The material below includes pictures; leave them out and return only the lines between the line containing "Ella Fitzgerald and" and the line containing "Bromo Indah Lestari", inclusive, word for word.

▶ Extracted entries
- Opening Delimiter -

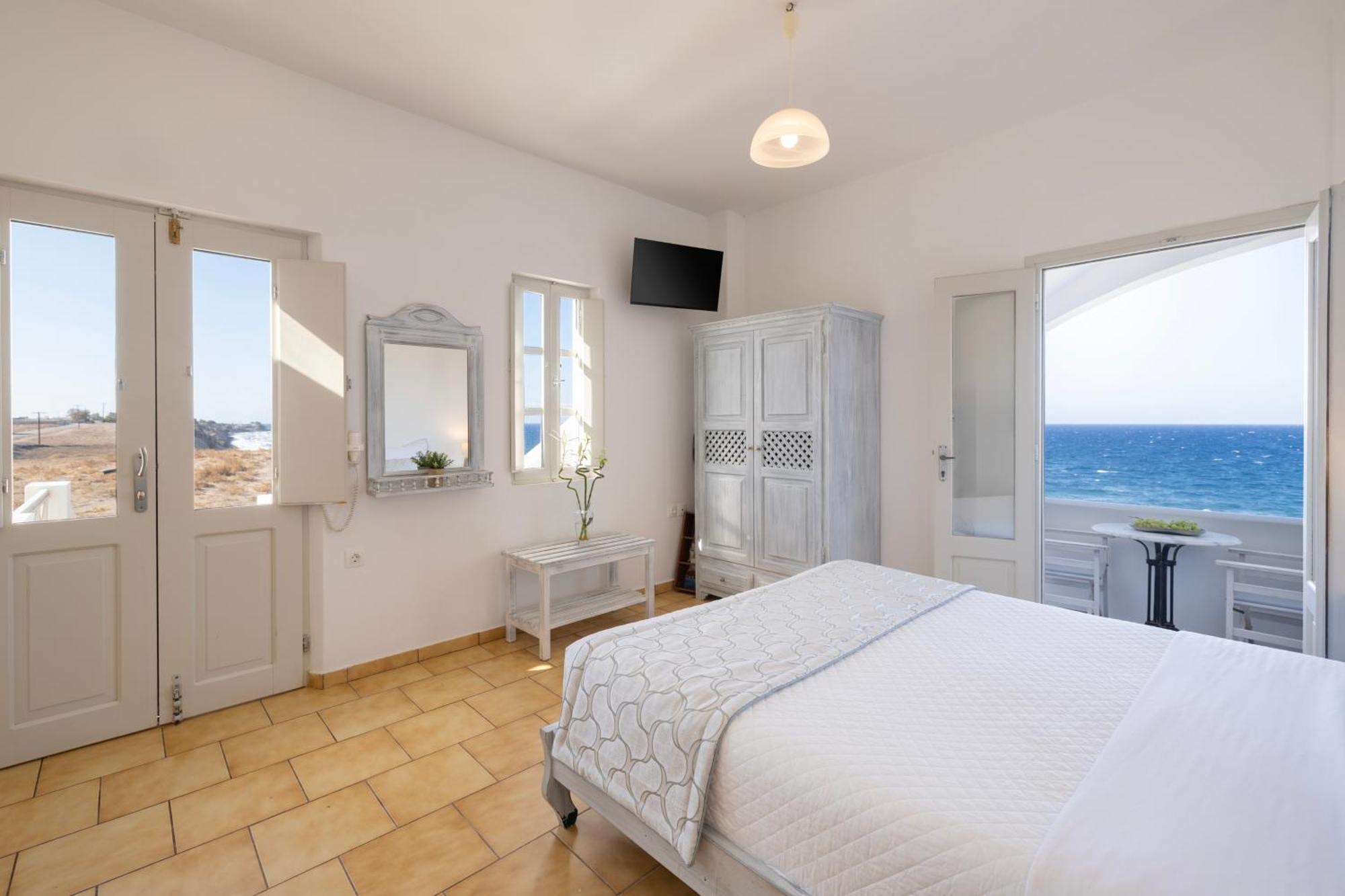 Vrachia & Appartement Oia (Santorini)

- Closing Delimiter -
- Opening Delimiter -

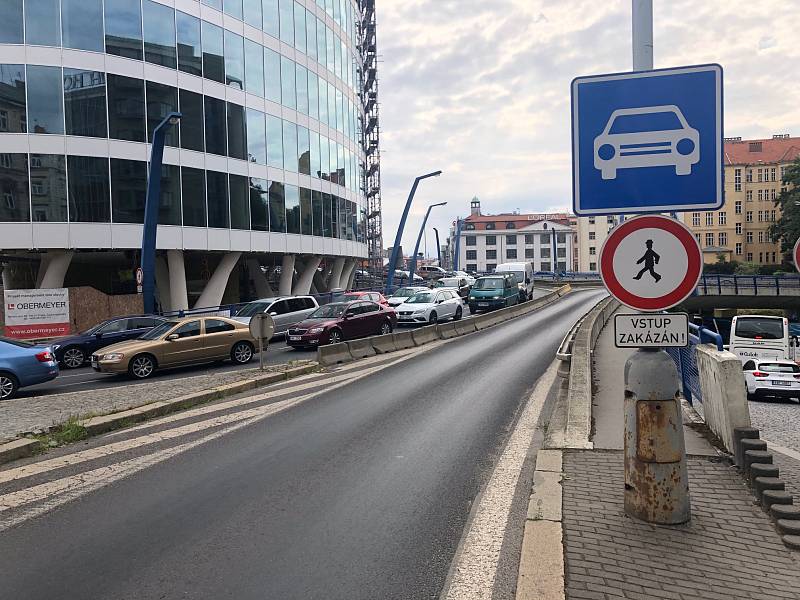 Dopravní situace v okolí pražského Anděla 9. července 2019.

- Closing Delimiter -
- Opening Delimiter -

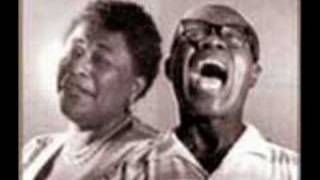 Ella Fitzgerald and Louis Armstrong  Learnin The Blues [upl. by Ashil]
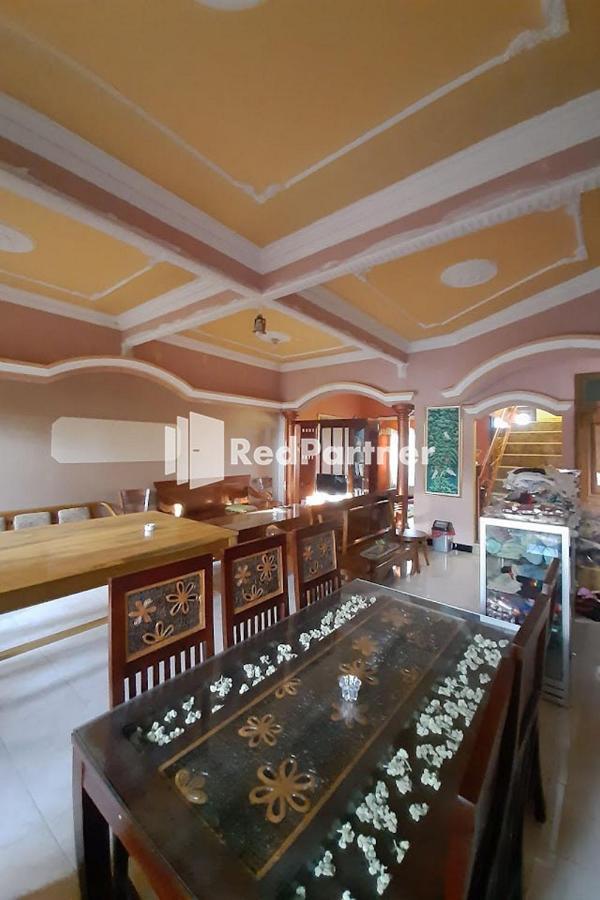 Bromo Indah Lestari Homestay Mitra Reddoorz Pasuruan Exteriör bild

- Closing Delimiter -

▶ Your response
 Ella Fitzgerald and Louis Armstrong  Learnin The Blues [upl. by Ashil]
 Bromo Indah Lestari Homestay Mitra Reddoorz Pasuruan Exteriör bild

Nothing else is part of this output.